Tournament Director Dennis Jones was called over and after some thought, he decided that Koroknai would lose the 60,000 chips that would have amounted to a call, but he would get to keep the rest of his stack. The players, particularly Baumann and Smith, were confused by the ruling, so Jones called WSOP VP Jack Effel, who confirmed the decision. Jones cited the “integrity of the tournament” as the reason for not requiring Koroknai to lose all of his chips.
As it turned out, Koroknai would go on to eliminate Baumann in 10th place a couple days later, dashing the hopes the poker community had of seeing the first woman at the Main Event final table since 1995, when Barbara Enright placed 5th (he also eliminated Elisabeth Hille in 11th place). Koroknai goes into the final table 2nd in chips.
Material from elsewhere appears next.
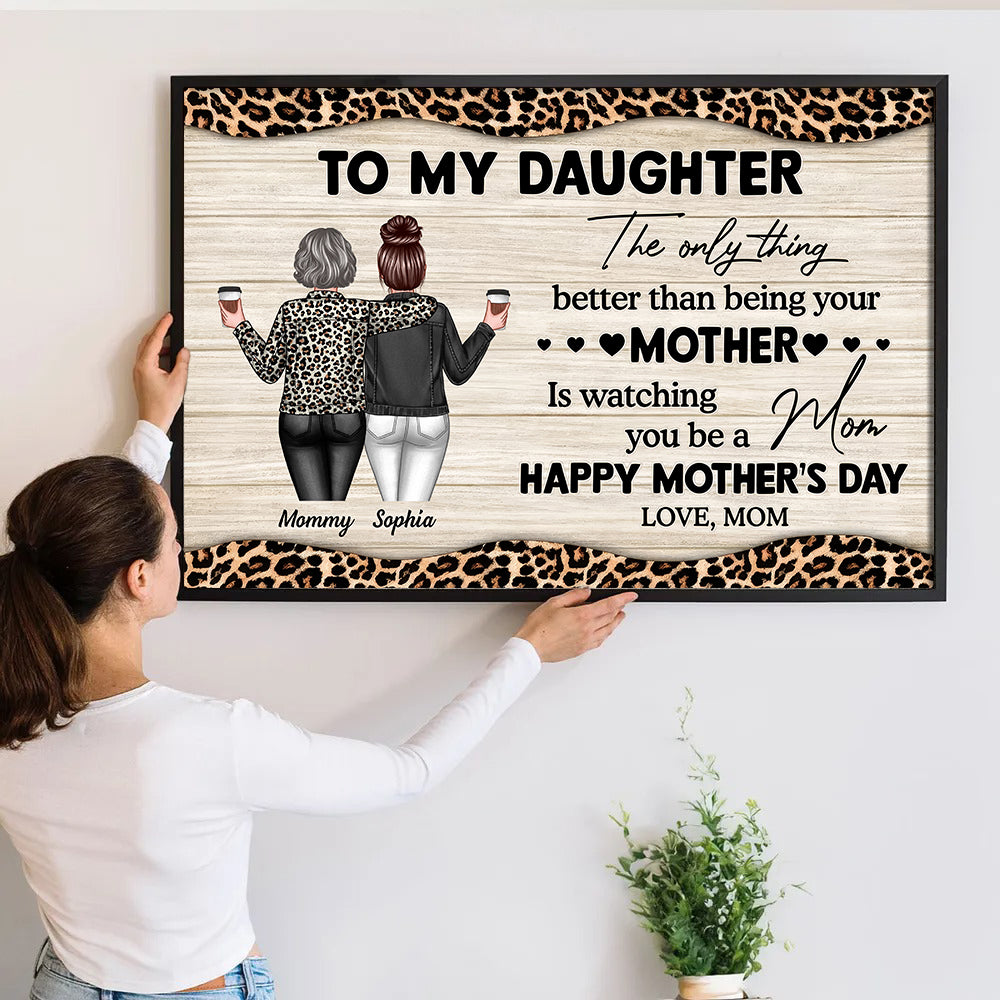 Leopard Pattern To My Daughter From Mom - Personalized Poster/Canvas - Mother's Day Gift For Daughter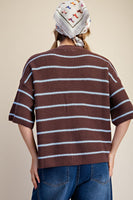 Easel Striped Sweater Cardigan in Brown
When this hand was originally reported, much of the poker community was up in arms. It was an angleshoot! He mucked, he’s done! Too bad, don’t be so stupid next time! The outrage was deafening.
But here’s the thing, it was the correct ruling. Official WSOP rule 89 states:
All chips put into the pot in turn stay in the pot. If a Participant has raised and his or her hand is killed before the raise is called, the Participant may be entitled to the raise back, but will forfeit the amount of the call. Any chips put into the pot out of turn fall under the action “may or may not be binding” Rule No. 88.
Koroknai raised all-in. His hand was killed before the raise was called, albeit by Koroknai himself, but it was still killed. According to the rule, he gets his raise back, but loses the amount of the call which was 60,000 chips.
So really, case closed.
But even if that rule did not exist, if the Tournament Director had to just come up with a decision out of thin air, I still don’t have a problem with the ruling. I agree with the “integrity of the tournament” opinion (which also makes it seem like the Tournament Director did not remember the rule quoted above and was, in fact, just making a judgment call). From everything I have read, it does not appear that Koroknai was trying to be devious, he wasn’t angleshooting. He didn’t know what Baumann had. It may have been the result of fatigue or the language barrier or any number of things, but it looked like he honestly did not realize Baumann had raised and he mucked as soon as Smith folded. He didn’t wait to see if Baumann might call and then mucked his hand. He thought the hand was over.
Sure, he should have known to protect his cards until the dealer shipped him the pot, but everyone makes mistakes.
In a case like this, when there was obviously no intent to cheat or angleshoot, it wouldn’t make sense to just say, “Sorry, even though we know nobody in their right mind would forfeit all their chips while all-in, we’re going to take them because, mistake or not, you mucked.” That wouldn’t be in the spirit of the game.
Things are more complicated because one card was irretrievable, but that doesn’t negate my point that the logical and reasonable thing to do would be to allow Koroknai to stay in the tournament. Maybe penalizing him an orbit or making him forfeit some additional chips (say, in the amount of a min-raise or something) would be appropriate, but to send him home for doing something that he obviously didn’t intend to do would be ludicrous.
Word is that Baumann eventually showed pocket Kings, so unless Koroknai had Aces, she likely would have won the hand, but that’s beside the point. Plus, who knows, it may have been a lucky break for her, as she might’ve avoided a suckout. But none of that really matters. The floor made the correct decision, even if it wasn’t laid out in black and white in the rulebook.